### [Collected data]

====

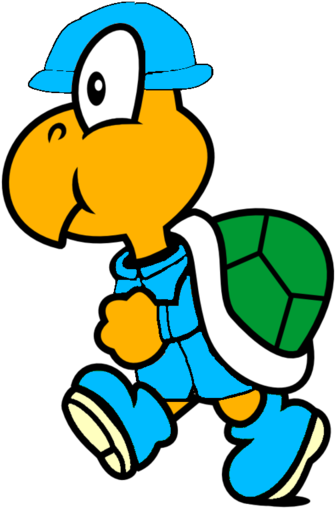 Captain Koopa Raingear 2d For Stevenpepi By Joshuat1306 - Koopa Troopa 2d (400x525)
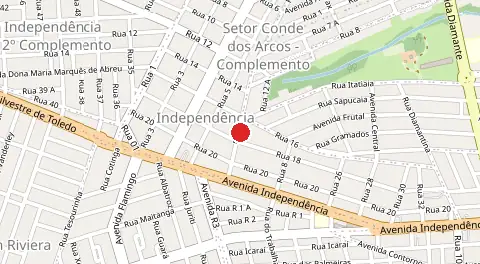 Mapa de Independencia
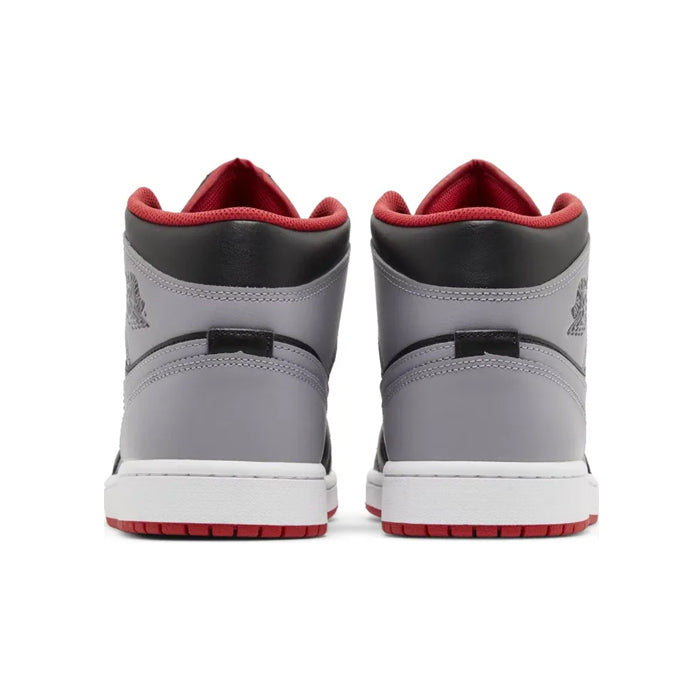 Air Jordan 1 Mid 'Bred Shadow /Grey Fire Red'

====

### [About this task]
Take the data above and repeat it exactly, leaving each picture out.

### [Solution to this problem]
 Captain Koopa Raingear 2d For Stevenpepi By Joshuat1306 - Koopa Troopa 2d (400x525)
 Mapa de Independencia
 Air Jordan 1 Mid 'Bred Shadow /Grey Fire Red'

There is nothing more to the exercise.